Ancak İsrail'in Lübnan'a saldırısını, sivillerin öldürülmesini, köylerin yok edilmesini, soykırımı, belediyelerin, belediye başkanlarının, tarihi Nebatiye pazarının ve Sur'daki eski pazarların bombalanmasını neden kınamadıklarını merak etti.
Toplumun çifte standardını daha da vurgulayan Afif, uluslararası topluma ve Birleşmiş Milletler'e uluslararası hukuka dayanarak resmi bir talep göndermelerini istedi ve “Ama buna cesaret edemezsiniz, [ABD büyükelçiliğinin bulunduğu] Avkar'ı üzersiniz” dedi.

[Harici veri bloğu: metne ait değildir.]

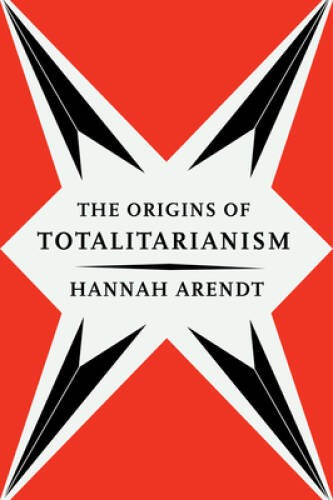 The Origins of Totalitarianism – Paperback By Arendt, Hannah – VERY GOOD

'Bizim zafer anlayışımız, düşmanın amacına ulaşmasını engellemektir'
Afif konuşmasının devamında bu aşamada zafer ve yenilgi kavramlarına açıklık getirerek şunları söyledi: “Hizbullah'ın zafer ve yenilgi kavramı tarihteki tüm direniş hareketleriyle aynıdır; düşmanın siyasi ve askeri hedeflerine ulaşmasını engellemek. Direnmemeye gelince, bu tam bir yenilgi ve aşağılayıcı bir teslimiyettir. Bu, asla olmamış ve olmayacak bir şeydir.”
“Maliyetin yüksek ve bedelin ağır olduğunu biliyoruz. Bunu görmezden gelmiyoruz ve gerçeği inkar etmiyoruz, ancak milletimizin ve halkımızın cephelerde olan evlatları için sabrını, dayanıklılığını, kararlılığını ve dualarını biliyoruz” dedi.

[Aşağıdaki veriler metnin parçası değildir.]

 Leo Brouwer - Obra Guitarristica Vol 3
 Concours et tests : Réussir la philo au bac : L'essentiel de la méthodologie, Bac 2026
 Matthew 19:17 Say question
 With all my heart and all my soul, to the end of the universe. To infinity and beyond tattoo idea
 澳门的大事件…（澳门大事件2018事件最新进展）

Direniş ve ordu iç içe geçmiş durumda
Hizbullah'ın Lübnan Ordusu ile ilişkisine gelince, Afif bunun güçlü ve sağlam bir ilişki olduğunu vurgulayarak Hizbullah'ın altın denkleme inandığını söyledi: Ordu, Halk ve Direniş.
Direniş'in, ordunun ulusal toprak ve güvenliğin korunmasında oynadığı rolü takdir ettiğini belirtti.
Hizbullah yetkilisi ayrıca, Ayterun'da İsrail işgal güçleri tarafından öldürülen Binbaşı Muhammed Ferhat'ı da saygıyla andı.
Ayrıca Lübnan ordusunu Direniş’e karşı kışkırtmaya çalışanları, iç savaş sırasında orduyla savaşan ve orduyu katledenleri eleştirerek “Ordu ve Direniş arasındaki bağı asla koparamayacaklarının” altını çizdi. Devamında, “Her ikisi de kendi yöntemleriyle ve kendi yetenekleriyle Lübnan'ı ve Lübnan halkını savunma savaşının merkezinde yer almaktadır.” dedi.
Afif ayrıca, Siyonist provokasyonlara yanıt olarak Amsterdam'da düzenlenen işgali kınayan protesto gösterilerini de övdü. Siyonizm’i korumak için ifade özgürlüğünü susturmaya ve bastırmaya çalışan uluslararası çabaları da kınayan Afif, Amsterdam’da İsrail saldırganlığını protesto eden küresel halk hareketinin İsrail'in izole edildiğinin kanıtı olduğunu söyledi.
Şehit Seyyid Nasrullah ebediyete kadar yaşayacak
Şehitler Günü'nü anan Afif, bu günün gerçek anlamda kutlanmasının “savaş ve cihat meydanlarında zafere ulaşmaktan geçtiğini” söyledi.
Hizbullah'ın, Seyyidü’ş-Şüheda Külliyesi'nde ilk kez şehit Seyyid Hasan Nasrullah olmadan bir etkinlik düzenlediğini ve ilk kez Şehitler Günü'nü Nasrullah'ın olmadığı bir konferansta andığını belirtti.
Afif sözlerine şöyle devam etti: “Bedeni hâlâ liderlik ettiği ve sembolize ettiği bir savaşta zorla ve acıyla alınmış olsa da o, methettiği, yasını tuttuğu ve ailelerini tüm şefkati ve sıcaklığıyla teselli ettiği şehitlerde yaşamaya devam ediyor.”
Afif sözlerini şöyle sonlandırdı: “Seyyid [Nasrullah] tek bir adamda vücut bulmuş bir ulustu, eşsiz ve benzersizdi.”